Each line of the material must be repeated precisely, with the pictures left out.

********

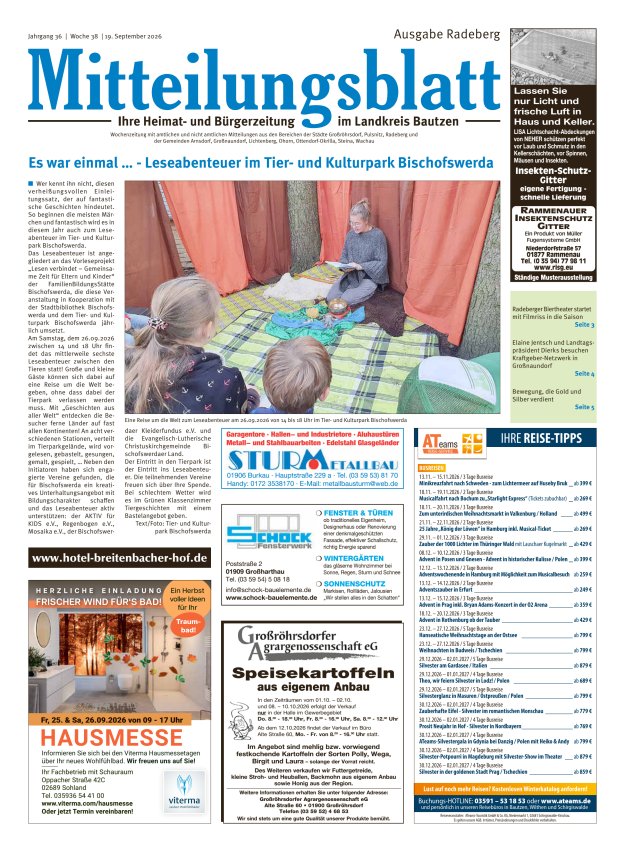 Mitteilungsblatt LK Bautzen Ausgabe Radeberg Titelblatt 19/2026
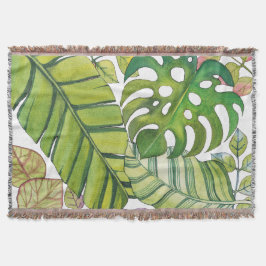 Niedliche tropische Blätter in der Wasserfarbendec Decke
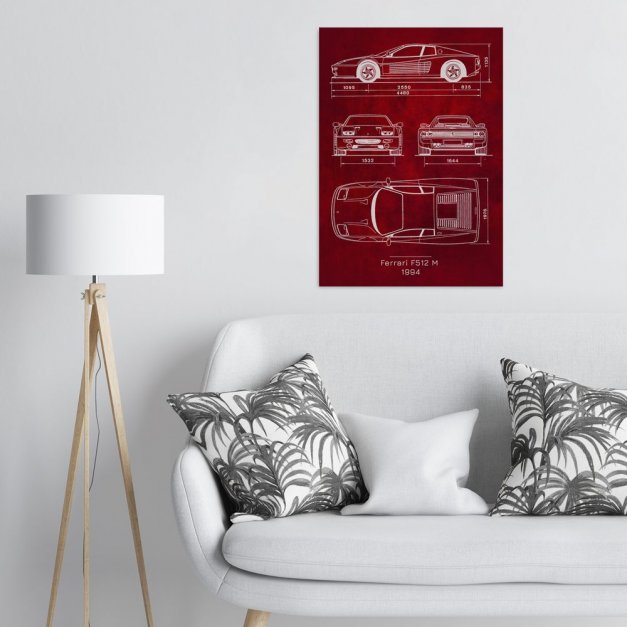 Plakat metalowy Ferrari F512 M Projekt Scarlet L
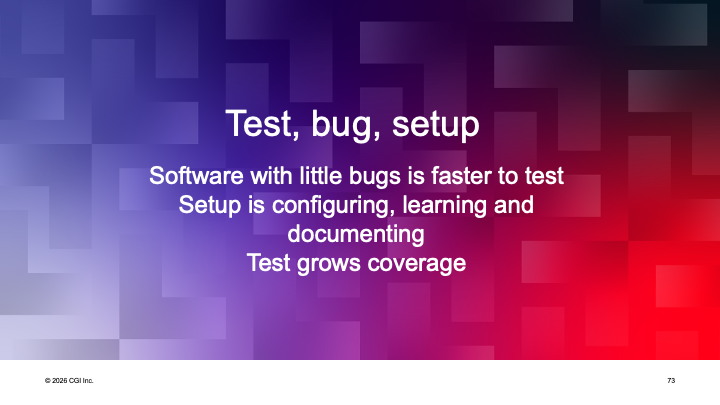 Test, Bug, Setup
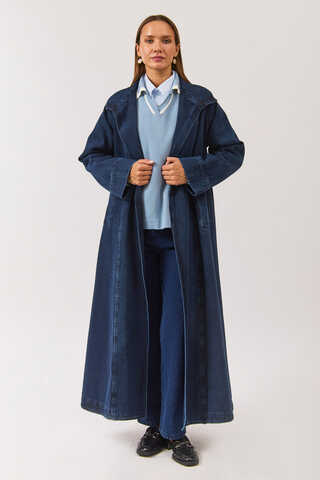 Long Double Breasted Denim Trenchcoat Light Blue - 3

********

● **The answer**:
 Mitteilungsblatt LK Bautzen Ausgabe Radeberg Titelblatt 19/2026
 Niedliche tropische Blätter in der Wasserfarbendec Decke
 Plakat metalowy Ferrari F512 M Projekt Scarlet L
 Test, Bug, Setup
 Long Double Breasted Denim Trenchcoat Light Blue - 3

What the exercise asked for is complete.